Rueben George of Tsleil-Waututh Nation, located near the Burrard Inlet where most of the tanker traffic is expected to increase, said that there was no consultation, and the federal government was not helping.

“There was no consultation from them or anybody, and they didn’t talk to us since 2005 when they started running oil out of Alberta tar sands into our traditional waters. They didn’t talk to any of us about that before that happened,” George said.

Tsleil-Waututh’s Rueben George

“The other side of it is that they’re rushing through this with the support of the Harper government, so there’s been none at all, no consultation or no talk at all.”

Kinder Morgan countered George’s allegations, and that this was an atypical case.

“We have been seeking the opportunity to meet with Tsleil-Waututh for
some time now. While they have advised they are not ready to meet with
us yet, we stand ready to provide information to them and to meet with
them at any time,” Gary Youngman, Project Lead, Aboriginal Engagement, Trans Mountain Expansion Project told The Vancouver Observer.

“Their position isn’t characteristic of our engagement with other First Nations. We have been in many discussions with many other Aboriginal groups along the line—and many of these discussions are positively progressing.”

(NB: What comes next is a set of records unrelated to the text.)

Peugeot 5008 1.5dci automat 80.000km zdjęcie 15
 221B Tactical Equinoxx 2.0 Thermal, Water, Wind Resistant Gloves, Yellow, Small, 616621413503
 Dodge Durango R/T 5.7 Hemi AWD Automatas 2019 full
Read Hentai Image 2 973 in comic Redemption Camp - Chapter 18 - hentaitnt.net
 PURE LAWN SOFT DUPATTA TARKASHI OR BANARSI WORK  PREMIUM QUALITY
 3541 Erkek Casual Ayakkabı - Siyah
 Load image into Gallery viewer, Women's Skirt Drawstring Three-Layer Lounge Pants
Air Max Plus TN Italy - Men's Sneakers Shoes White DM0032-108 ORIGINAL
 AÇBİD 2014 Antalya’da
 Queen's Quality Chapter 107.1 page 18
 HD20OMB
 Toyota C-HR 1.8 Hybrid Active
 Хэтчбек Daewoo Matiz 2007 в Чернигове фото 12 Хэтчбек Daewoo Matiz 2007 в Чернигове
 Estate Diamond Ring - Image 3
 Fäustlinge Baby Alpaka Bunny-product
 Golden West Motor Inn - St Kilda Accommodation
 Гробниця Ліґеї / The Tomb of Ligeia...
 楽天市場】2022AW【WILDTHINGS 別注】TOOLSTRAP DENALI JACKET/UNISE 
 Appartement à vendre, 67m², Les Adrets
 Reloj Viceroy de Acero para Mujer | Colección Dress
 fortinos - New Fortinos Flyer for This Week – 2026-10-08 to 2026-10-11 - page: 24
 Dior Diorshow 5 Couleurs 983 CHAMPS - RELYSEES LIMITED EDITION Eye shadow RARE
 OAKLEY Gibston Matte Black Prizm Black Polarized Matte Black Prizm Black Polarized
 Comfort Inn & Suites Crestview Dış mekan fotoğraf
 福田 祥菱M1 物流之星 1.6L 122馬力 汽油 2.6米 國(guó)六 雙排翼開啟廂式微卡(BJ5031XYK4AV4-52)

Brace for David versus Goliath battle ahead, warns BROKE organizer

Concluding the town hall before a question and answer, Karl Perrin, BROKE member and Burnaby resident, emphasized the scale of a community-wide effort against a major oil pipeline expansion project.

“Of course, Richard Kinder of Kinder Morgan is one of the top 100 richest in the world—he’s number 36 in the United States, and he’s climbing fast,” he said.

Karl Perrin of BROKE

“He’s going for number one. Right now he’s number one in Houston. So he can outspend the whole province if he wanted to, but we live here, and we can invest in our future.”

Perrin and Burnaby City Council plan on applying for intervenor status at the Kinder Morgan National Energy Board hearings in late 2013.

“All opinions and input are valuable and we think it will help make our
application better,” wrote Trans Mountain spokesperson Hounsell. “We encourage people to participate in the information sessions or online and to fill out a feedback form—all comments and concerns will be submitted and considered by the NEB.”

Hounsell added that Trans Mountain will have information sessions in Burnaby in November.